Quando eu era aluno do terceiro ano médico, pude conhecê-lo. Foi como professor em 1967, nas enfermarias da Clínica Cirúrgica do antigo Hospital Escola (HE) da FMTM, onde nos ensinava semiologia, à beira do leito, disposto a esclarecer qualquer dúvida. A primeira impressão que tive dele foi confirmada ao longo dos anos: polido e com capacidade de interagir, aberto ao diálogo, nunca se preocupando ser o dono da palavra final.

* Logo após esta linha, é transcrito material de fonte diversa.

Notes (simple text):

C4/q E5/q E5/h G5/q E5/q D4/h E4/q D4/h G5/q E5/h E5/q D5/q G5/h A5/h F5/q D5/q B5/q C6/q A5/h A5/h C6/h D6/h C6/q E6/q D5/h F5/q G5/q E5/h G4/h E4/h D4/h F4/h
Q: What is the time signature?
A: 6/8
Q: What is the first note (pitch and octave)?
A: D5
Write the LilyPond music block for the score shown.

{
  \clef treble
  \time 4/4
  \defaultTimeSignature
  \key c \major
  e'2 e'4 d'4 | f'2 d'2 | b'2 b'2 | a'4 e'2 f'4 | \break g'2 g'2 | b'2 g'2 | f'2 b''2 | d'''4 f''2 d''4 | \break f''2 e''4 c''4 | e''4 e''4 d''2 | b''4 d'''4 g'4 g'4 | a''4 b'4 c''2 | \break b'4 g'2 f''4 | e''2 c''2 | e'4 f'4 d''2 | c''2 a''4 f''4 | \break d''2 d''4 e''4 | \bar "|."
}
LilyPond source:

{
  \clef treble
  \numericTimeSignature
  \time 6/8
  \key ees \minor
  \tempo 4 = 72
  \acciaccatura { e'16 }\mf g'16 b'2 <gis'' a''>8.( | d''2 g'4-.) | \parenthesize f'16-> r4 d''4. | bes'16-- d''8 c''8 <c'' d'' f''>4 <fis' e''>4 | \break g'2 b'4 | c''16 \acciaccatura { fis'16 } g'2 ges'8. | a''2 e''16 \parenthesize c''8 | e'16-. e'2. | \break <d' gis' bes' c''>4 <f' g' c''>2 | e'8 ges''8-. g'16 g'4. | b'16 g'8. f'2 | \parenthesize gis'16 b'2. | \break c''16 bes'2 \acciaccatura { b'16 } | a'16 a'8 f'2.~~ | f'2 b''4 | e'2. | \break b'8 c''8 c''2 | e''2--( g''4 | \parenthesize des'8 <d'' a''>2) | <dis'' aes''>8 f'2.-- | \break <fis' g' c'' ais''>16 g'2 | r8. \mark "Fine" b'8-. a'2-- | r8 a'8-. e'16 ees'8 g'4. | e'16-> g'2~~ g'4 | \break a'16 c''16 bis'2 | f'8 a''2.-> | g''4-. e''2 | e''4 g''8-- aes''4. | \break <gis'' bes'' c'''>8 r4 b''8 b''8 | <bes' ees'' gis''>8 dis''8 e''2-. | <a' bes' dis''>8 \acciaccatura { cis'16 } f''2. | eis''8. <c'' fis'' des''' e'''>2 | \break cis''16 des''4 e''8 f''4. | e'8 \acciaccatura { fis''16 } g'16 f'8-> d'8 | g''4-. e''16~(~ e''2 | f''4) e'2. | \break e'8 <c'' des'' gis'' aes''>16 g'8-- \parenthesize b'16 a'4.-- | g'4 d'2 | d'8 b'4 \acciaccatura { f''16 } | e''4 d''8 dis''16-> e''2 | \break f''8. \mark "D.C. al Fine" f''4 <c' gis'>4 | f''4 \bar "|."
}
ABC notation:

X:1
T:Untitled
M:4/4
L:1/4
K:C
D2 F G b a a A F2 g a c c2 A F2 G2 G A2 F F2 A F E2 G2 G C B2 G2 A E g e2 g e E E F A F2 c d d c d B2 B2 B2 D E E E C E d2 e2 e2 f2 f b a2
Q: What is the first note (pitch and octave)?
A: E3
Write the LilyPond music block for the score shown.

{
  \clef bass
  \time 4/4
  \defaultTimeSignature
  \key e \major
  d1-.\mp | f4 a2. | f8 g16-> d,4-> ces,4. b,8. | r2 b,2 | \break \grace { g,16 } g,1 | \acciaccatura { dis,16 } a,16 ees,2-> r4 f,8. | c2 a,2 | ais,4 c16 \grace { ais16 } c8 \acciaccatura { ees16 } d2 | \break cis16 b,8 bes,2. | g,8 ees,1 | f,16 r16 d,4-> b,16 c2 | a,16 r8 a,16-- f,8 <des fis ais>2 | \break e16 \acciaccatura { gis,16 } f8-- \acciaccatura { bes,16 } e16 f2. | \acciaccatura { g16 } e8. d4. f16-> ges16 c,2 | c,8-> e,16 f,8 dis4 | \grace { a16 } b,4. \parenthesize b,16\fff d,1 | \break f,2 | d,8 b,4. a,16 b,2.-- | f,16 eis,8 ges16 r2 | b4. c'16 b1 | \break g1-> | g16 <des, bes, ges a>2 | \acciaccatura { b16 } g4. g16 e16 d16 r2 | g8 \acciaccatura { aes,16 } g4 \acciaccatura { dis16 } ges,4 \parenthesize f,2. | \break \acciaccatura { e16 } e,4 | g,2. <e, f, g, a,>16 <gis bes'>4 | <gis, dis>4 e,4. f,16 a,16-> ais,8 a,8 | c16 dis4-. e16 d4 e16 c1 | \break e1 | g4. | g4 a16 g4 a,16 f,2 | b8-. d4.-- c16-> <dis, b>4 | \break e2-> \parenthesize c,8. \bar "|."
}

Devido ao seu temperamento ameno, sempre teve dificuldade de dizer não àqueles que solicitavam seus serviços médicos. Aprendi com ele a tratar as acadêmicas, por mais jovens que fossem, por “doutoras”, costume que ainda mantenho. Naquela época era cirurgião geral, por sinal exímio, competente, excelente professor, além de outros adjetivos positivos. Daí ter sido um dos homenageados pelos formandos de 1970, a minha turma. 
Após minha especialização em Anestesiologia, retornei a Uberaba, tendo sido contratado pela FMTM. Certa vez, em plantão noturno, anestesiei um senhor, operado de urgência, com inúmeras facadas no tórax e no abdome. A cirurgia iniciou depois da meia-noite, terminando pela manhã. Ao sairmos do centro cirúrgico, eu disse: “Dr. Odo, o senhor tem cirurgia eletiva às 7 horas aqui no HE e o senhor não dormiu nada”.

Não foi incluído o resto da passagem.